Being Black and Republican
Now, I am one of those unique creatures that you may find just as unique as a unicorn. I am an Afro-American that consistently votes for and supports the Republican party. I do not like the phrase “Black Republican” because I despise the hyphenation. My blackness does not diminish my Republican-ness nor does me being Republican makes me less black. My skin color has little to nothing to do with my political affiliation. However, that statement does not exclude the fact that my Afro-American experience does influence my political views and may give me a different perspective of Republican principles than people of a lighter hue.
I can trace my lineage back to at least two plantations in which my ancestors were enslaved. Therefore, the early mantra of the Republican Party, “Free soil! Free labor! Free men!” has a very personal connection for me. When the Republican Party was established in Ripon, Wisconsin to stop the spread of slavery and to eventually abolish that institution, they were aiming to liberate my ancestors and by effect, liberating me from lifelong bondage. The birth of the Republican Party directly led to the end of slavery in this nation. The Great Emancipator, Abraham Lincoln himself, was the first Republican president. Of course, I am extremely proud to be a member of the Party of Lincoln.

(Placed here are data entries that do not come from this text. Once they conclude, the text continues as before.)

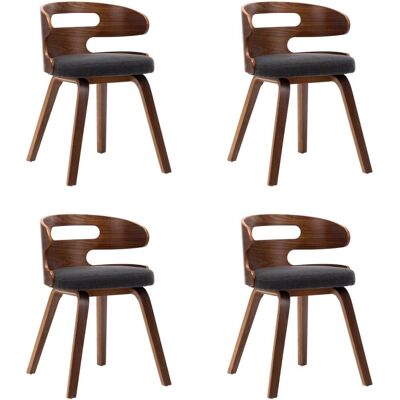vidaXL 4 Esszimmerstühle - Elegantes Massivholz Stoff - Esszimmerstühle vidaXL 4 Esszimmerstühle - Elegantes Massivholz Stoff - Esszimmerstühle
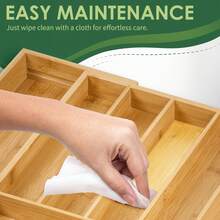 SANNAX Premium Bamboo Expandable Drawer Organizer, 7-9 Slots Adjustable Kitchen Drawer Organizer For Large Cooking Utensils Cutlery, Kitchen Drawer Organization - Bamboo Color - View 8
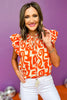 THML Orange Print Split Frill Neck Tie Tassel Flutter Short Sleeve Top, theme top, printed top, orange top, must have top, must have style, summer style, spring fashion, elevated style, elevated top, mom style, shop style your senses by mallory fitzsimmons, ssys by mallory fitzsimmons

However, over 150 years later and twenty-nine presidents later, some might be reminded of Janet Jackson’s song, What Have You Done for Me Lately? in referring to the Republican party. Of course, one cannot and should not vote for or against a party just because of what it did a century ago or not even fifty years ago.
Growing up in the 80s and 90s in a poverty-stricken and predominantly Afro-American community in Virginia, my journey to the Republican party was very highly unlikely and downright unique. However, for me, it was natural and logical.
My earliest memory of any election was when I was an elementary school kid and I would overhear my elders talking about the upcoming election between Democrat Michael Dukakis and Republican George H. W. Bush (the dad). The older folks would make hyperbolic comments about Candidate Bush inferring that if he was elected, black folks would end up back in slavery or would have to sit on the back of the bus again. As a little kid, the grown-ups had made completely terrified of Bush Senior being elected president and I was totally convinced that if he were to get into the White House that us black folks were going back to the cotton fields. Election Night 88′ was a nightmare coming true when Bush won the presidency. Bush served a full term and there was no hint of slavery or Jim Crow being reinstituted.
Bush served a full term and there was no hint of slavery or Jim Crow being reinstituted. Interesting enough, those same type of scare tactics have been used against every Republican presidential candidate in every election in my lifetime. Since that time, I have lived through two Republican administrations and black folks are not being forced to the back of the bus or being forced to picking cotton in the fields. Therefore, such outlandish slanders accusing Republicans of being racist should have lost all credibility. They have with me.
The year after the 88′ election, Virginia had a historical election between Republican Marshall Coleman and Democrat Doug Wilder, who was hoping to be the nation’s first elected black governor. Although I felt a kinship with Wilder, Coleman was proposing shorter hours for school. Being a school kid, I was all in favor of getting out of school earlier. Therefore, I was hoping for Coleman to win. Well, we all know that Coleman lost and Wilder became governor of Virginia.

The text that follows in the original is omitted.